What you didn't mention is any problems with the engine coolant temperature. If your engine coolant temperature is running at a nominal level but your engine oil is running hot, that sounds like engine oil breakdown. Of course your primary cooling system is also cooling the oil at the same time through heat transfer. Even if you are running good oil, breakdown at those rpm happens very quickly. One key note to remember as well—all the additives in your oil that help the engine run better break down beforethe engine oil does. That black oil is straight oil—the additives are gone. My friends who run a Sprint Car on oval with mid-sized V-8s say after three races of 30 laps they change the oil, and they're slightly pushing it at that. They run 5/8- to 1-mile tracks on asphalt. Some of my buddies who drag race say that as they get farther into the rounds and they are having to jump right back into line to run again—they are actually changing the oil right there in the lane. They all recommend one thing—use a good quality, name brand racing oil and change it frequently.

If that is not your problem, then here are some other things you might take a look at or try to reduce the engine temperature. Not to say that it is all of these, but could be any number of them.

1. Dirt track: Sucking all that dust into the engine, keep good filters clean and ready.
2. Carburetor tuning: A lean carburetor will increase the temperature of the motor.
3.Timing: It can be everything.
4. Tolerances: Get the plasti-gage out and make sure your engine tolerances are correct for your application. One of my frustrations lately has been Holley guys rebuilding carbs like a race motor, and by golly they run horrible on the street. Make sure your race engine has race tolerances. Friction is not your friend.
5. How about an 8-quart or bigger pan? Is it allowed? Remember how we used to put cooling tubes in the pan and it would flow over them during the race?
6. Cerakote: (www.cerakotehightemp.com) sells heat-dissipating coatings, and it would probably help with some of your temp issues.

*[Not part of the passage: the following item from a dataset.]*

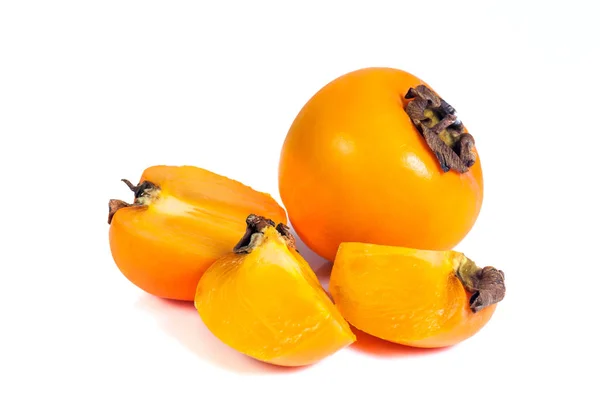 Persimmons on a table — Stock Photo, Image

Most of your heat-dissipating additives are working in the single-digit efficiency range and while they are OK, I really think that if you look at the problem there is something breaking down the efficiency of the oil. Please feel free to let me know exactly the specs on your car and perhaps we can come up with a targeted solution.


Spoiler Alert

When I bought my '69 Mustang Mach 1 over forty years ago, the trunk lid would stay open. I added a spoiler and now the lid will no longer stay up without a prop rod. I finished a complete restoration and many modifications two years ago. At that time, I replaced the hinge springs. The lid still needs a prop rod to hold it open. Is there any fix for the problem other than a prop rod or replacing the hinges for new ones of the same design?

Joe Artale
Solon, OH

The '69 Mustang Sportsroof used a rear spoiler that was made of plastic. It was lighter weight and didn't require a prop rod—but just barely. They were pretty cheap, flimsy things and they sagged in the middle after awhile. In 1970, Ford changed to a fiberglass spoiler, which was heavier and required the use of a prop rod. This prop rod can be purchased from all the major parts suppliers. Most of the reproduction spoilers are modeled after the '70 design.

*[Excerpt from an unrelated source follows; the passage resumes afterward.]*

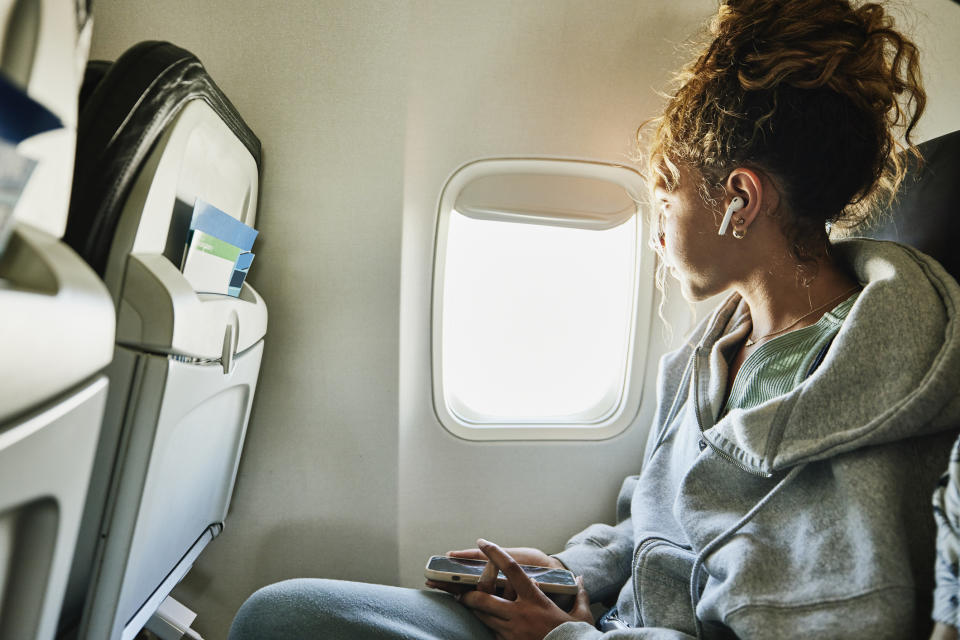 Woman with curly hair wearing earbuds, sitting by an airplane window, looking outside, holding a smartphone in her lap, dressed in casual loungewear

Unless your car is an all-original stock show car, run the prop rod. It works and is acceptable when you run a spoiler. If you don't want to run a prop rod, you'll need to find an original '69-style spoiler that's lighter weight and not bowed like and old plow horse. They are hard to find and very expensive. If you just don't like the looks of the prop rod, there are some aftermarket gas charged shocks that you can use to prop open the trunk lid. Mustangs Unlimited sells one PN TLK1 01.